> **Supplied records**
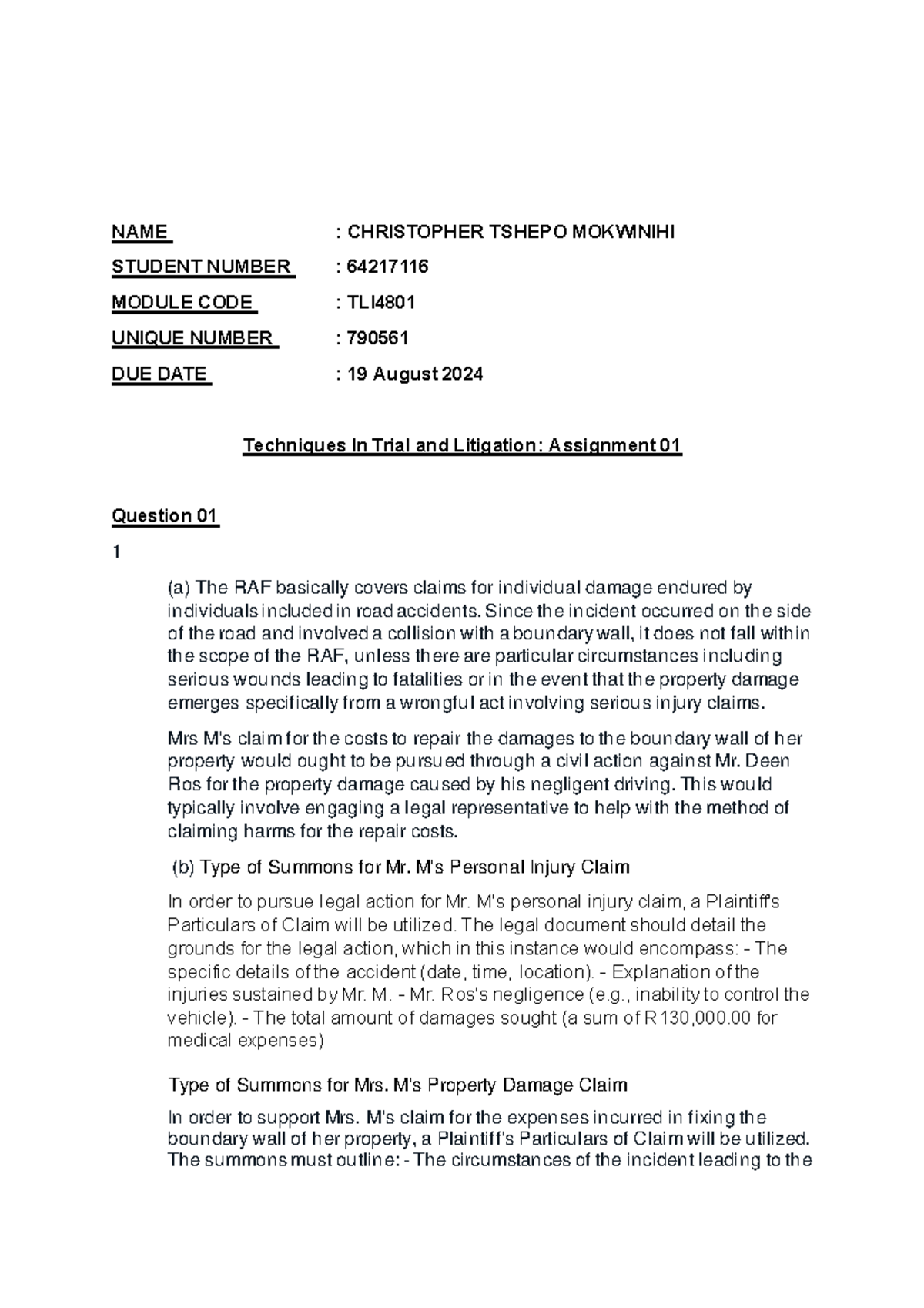 64217116 TLI4801 ASS01 - NAME : CHRISTOPHER TSHEPO MOKWINIHI STUDENT ...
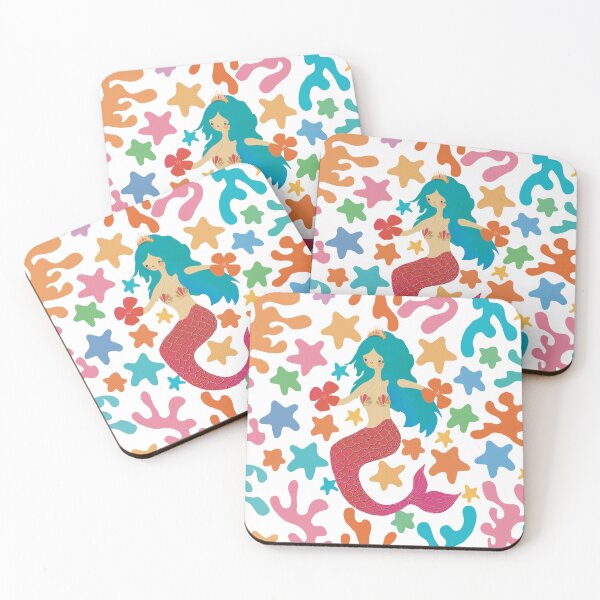 Item preview, Cute Retro Mermaid With Blue Hair And Red Tail  designed and sold by Karin Taylor.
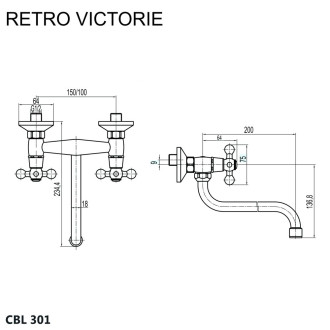 Mereo Retro Viktorie dřezová baterie nástěnná 100 mm s ramínkem  CBL301A
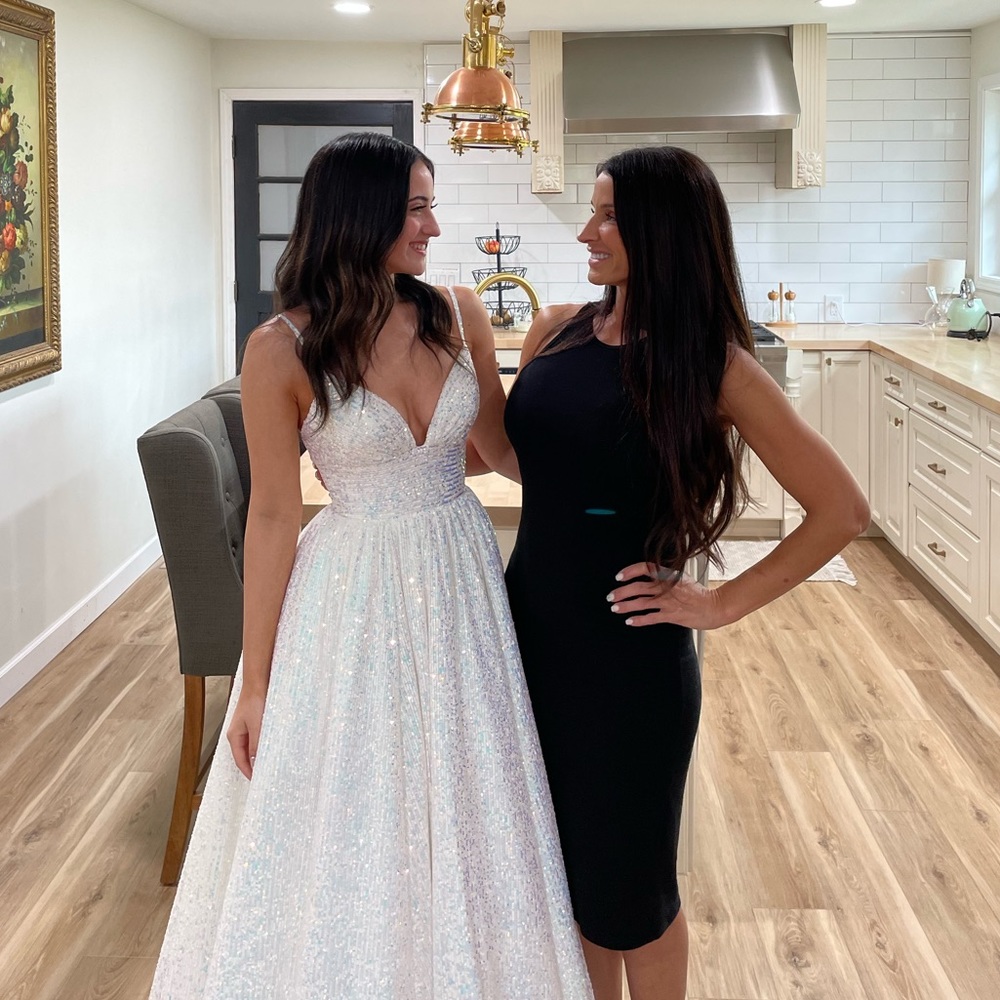 Gorgeous White Corset Back Iridescent Sequin Sherri Hill Prom Dress - Worn Once! - Picture 2 of 4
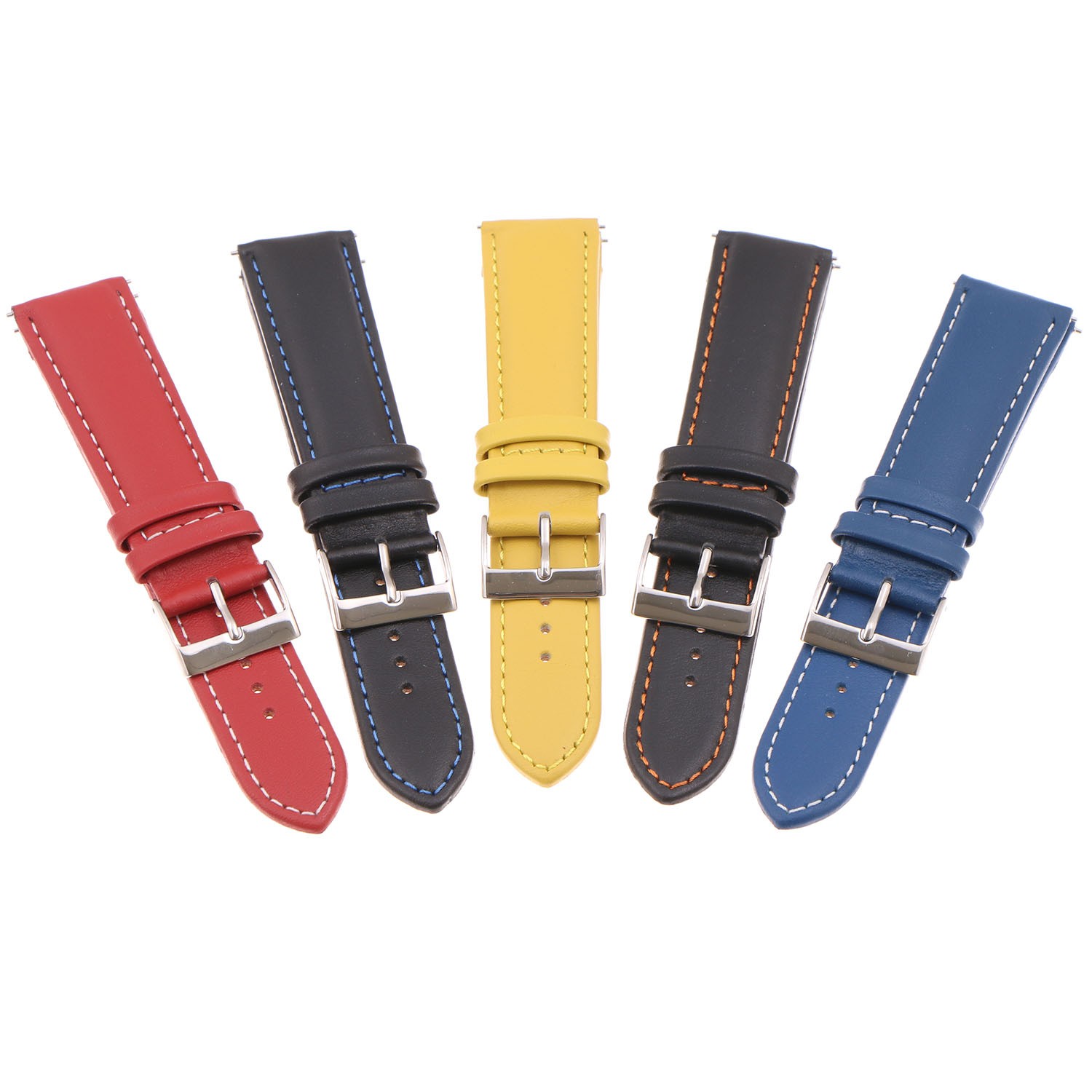 StrapsCo Classic Genuine Leather Men’s Watch Strap Band (Long) 20mm 22mm 24mm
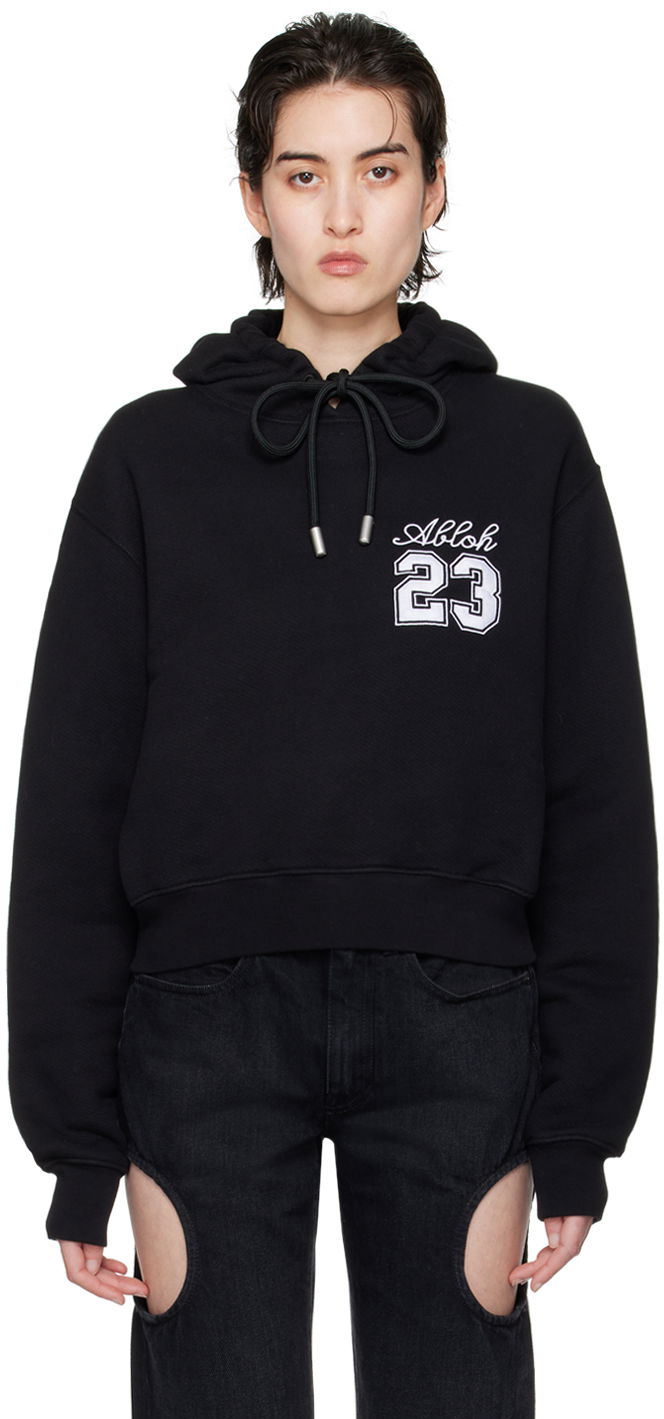 Black Embroidered Hoodie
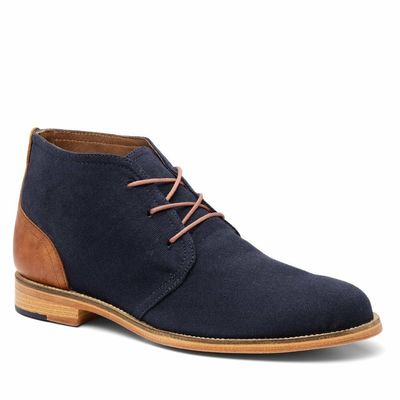 Men's chukka two tone navy blue suede tan genuine leather ankle boots - Thumbnail 2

> **Activity**
All lines from the first in the listing above to the line containing "Mereo Retro Viktorie", inclusive, go in the output exactly as they are; no pictures go in.

> **Task answer**
 64217116 TLI4801 ASS01 - NAME : CHRISTOPHER TSHEPO MOKWINIHI STUDENT ...
 Item preview, Cute Retro Mermaid With Blue Hair And Red Tail  designed and sold by Karin Taylor.
 Mereo Retro Viktorie dřezová baterie nástěnná 100 mm s ramínkem  CBL301A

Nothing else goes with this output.